The controller 240 may control the overall operation of the base station 110. For example, the controller 240 may transmit and receive a signal through the wireless communication unit 210 or through the backhaul communication unit 220. Also, the controller 240 may write and read data to and from the storage 230. In addition, the controller 240 may perform functions of a protocol stack required by the communication standard. According to another implementation example, the protocol stack may be included in the wireless communication unit 210. To this end, the controller 240 may include at least one processor. According to an embodiment, the controller 240 may control the base station 110 to perform operations according to embodiments to be described later.

FIG. 3 is a diagram illustrating the structure of a UE in a wireless communication system according to an embodiment of the disclosure.

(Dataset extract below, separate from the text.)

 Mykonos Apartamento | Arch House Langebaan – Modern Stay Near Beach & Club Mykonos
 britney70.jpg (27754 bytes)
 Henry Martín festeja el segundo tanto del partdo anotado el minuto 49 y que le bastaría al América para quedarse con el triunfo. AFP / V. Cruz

The configuration shown in FIG. 3 may be understood as a configuration of the UE 120. A term such as “ . . . unit” or “ . . . device” used herein means a unit that processes at least one function or operation, and may be implemented with hardware, software, or a combination thereof.

With reference to FIG. 3, the UE 120 may include a communication unit 310, a storage 320, and/or a controller 330. However, the components of the UE 120 are not limited to those described above. For example, the UE 120 may include more or fewer components than those components described above. In addition, the communication unit 310, storage 320, and controller 330 may be implemented in the form of a single chip. Further, the controller 330 may include one or more processors.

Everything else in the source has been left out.